人口減がないのでシミュレーション時間がえらい長くなりましたよ……


こちらがシミュレーションの結果です(計算結果はこちら)。青が人口、赤が苗字の数です。横軸は世代数です。
人口維持の環境下では、100世代後(3000年後?)でも4万個程度の苗字が維持できるようです。
対数軸で表したものも掲載しましょう。

苗字の数は概ね直線ぽいですが、序盤のカーブが急。もしかして……と両対数で表示すると、

すごく……直線です……(相関係数0.994)。人口維持の環境下では、苗字の数と世代数は冪乗則の関係にあるようです。なんでだろう……
これは定性的には何を表しているんでしょう。よくわかりません。

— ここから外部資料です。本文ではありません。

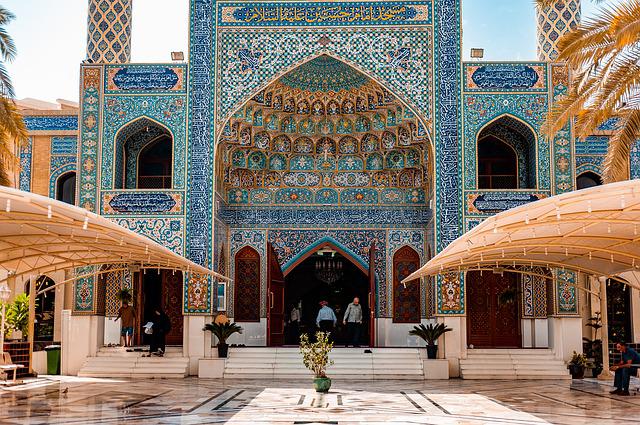 Mosquée de Dubaï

順位と頻度の間には冪乗則が成立することが多いという経験則は、まぁ理解できなくはないのですが、世代数と頻度の間に冪乗則が成立するというのは理解に苦しみます。遺伝的多様性の研究なんかにヒントがあるんかなぁとか想像しますが。

次に、上位10個、100個、1000個、10000個、100000個の苗字が占めるシェアを見てみましょう。

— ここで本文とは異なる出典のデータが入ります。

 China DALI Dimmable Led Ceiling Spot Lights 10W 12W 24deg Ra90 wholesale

殆ど減っていません。数世代の後に10万位以下の苗字は全滅してしまうのですが、上位一万位の苗字のシェアは100世代経過してもほとんど変化しません。


今回苗字の数の変化を検討してみようと思ったのは、現在のような命名システムを使い続けていくと苗字の数が激減し、中国や韓国みたいに数少ない苗字に集約されてしまうのではないか?と考えたからです。
シミュレーションをしているうちに、苗字の減少といっても分けて二つの現象が現われるということがわかってきました。
1. レア苗字が絶滅する。
2. 有力苗字による寡占が生ずる。
中韓化は2.の方の現象ですね。

人口減少の環境下では苗字の数は指数関数的に減少し、レア苗字の絶滅、有力苗字による寡占の両方が生じましたが、その要因は人口減少が主でした。
人口維持の環境下では苗字の数の減少はかなり緩やかで、100世代後でも4万個もの苗字を維持することができている上、有力名字による寡占は生じませんでした。よって、苗字の保全という観点からは、現在の命名システムにはそんなに問題はなさそうだと言えます。もちろん、人口維持の環境下でも今から2世代後に苗字が24万種から17.5万種に減少してしまうことを「問題ない」といっていいかという話はありましょうが。

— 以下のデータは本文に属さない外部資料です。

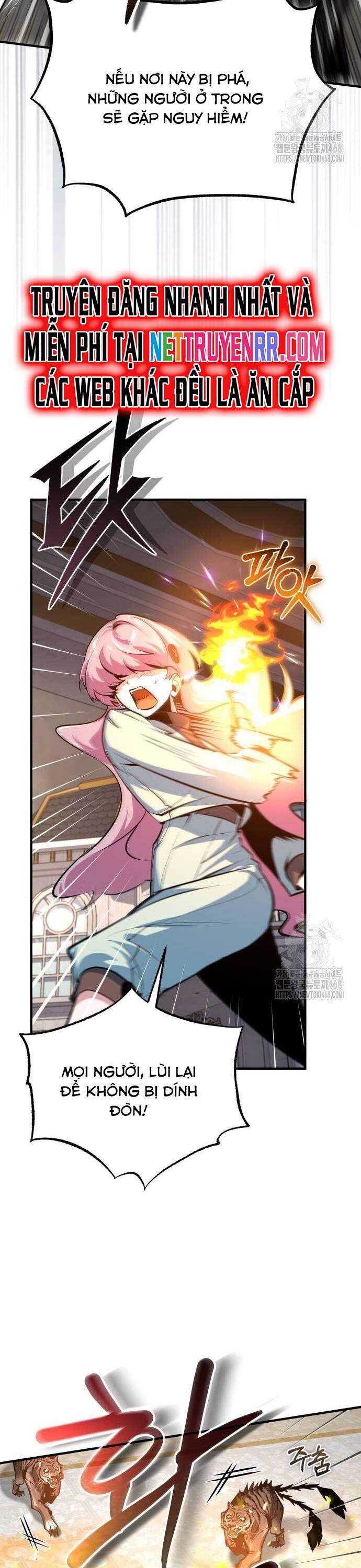 Giáo Sư Gián Điệp - Chapter 104 - Page 8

人口減少が苗字の数に非常に大きな影響を与える、特に人口が一定値を切ると苗字の数の維持が急に困難になるという性質を考えると、戦乱などにより人口が急減するような状況が苗字の数の維持に対する一番大きな障害になっていそうだ、と言えましょう。
中国や韓国で苗字の数が少ないのは、歴史的に古くから苗字を名乗っており、かつ時折人口が激減したからなのかな?などと想像します。昔はもっとたくさんの苗字が存在していたのかも。
一方で日本は、現在のかっちりしたシステムに基づいて苗字を名乗り始めた歴史が浅く、その後大きな人口減にも遭遇していないため、バリエーションに富んだ苗字の数々を維持できているのかもしれません。

個人的にはレア苗字は好きなので、創姓、つまり新たな姓を名乗ることができるようなシステムも悪くないのではないかと思っているんですけどね。保井春海が後に渋川春海を名乗ったように。むちゃくちゃな創姓を抑止したいならば、家系をさかのぼって祖先の誰かが名乗っていた苗字であれば名乗れるようにするとか。
不祥事を起こした企業が企業名を変えるような感じで、悪いことするたびに名前を変える人が出てきそうな気もしますね。やっぱダメか。

苗字の話(2/3) 苗字の数は減っていく?(特殊出生率=1.37の場合)

結婚すると苗字はどちらかのものに統一されるため、苗字の数は減少する一方です。
では、その減り具合はどのようなものになるのでしょうか。以下のモデルで検証してみました。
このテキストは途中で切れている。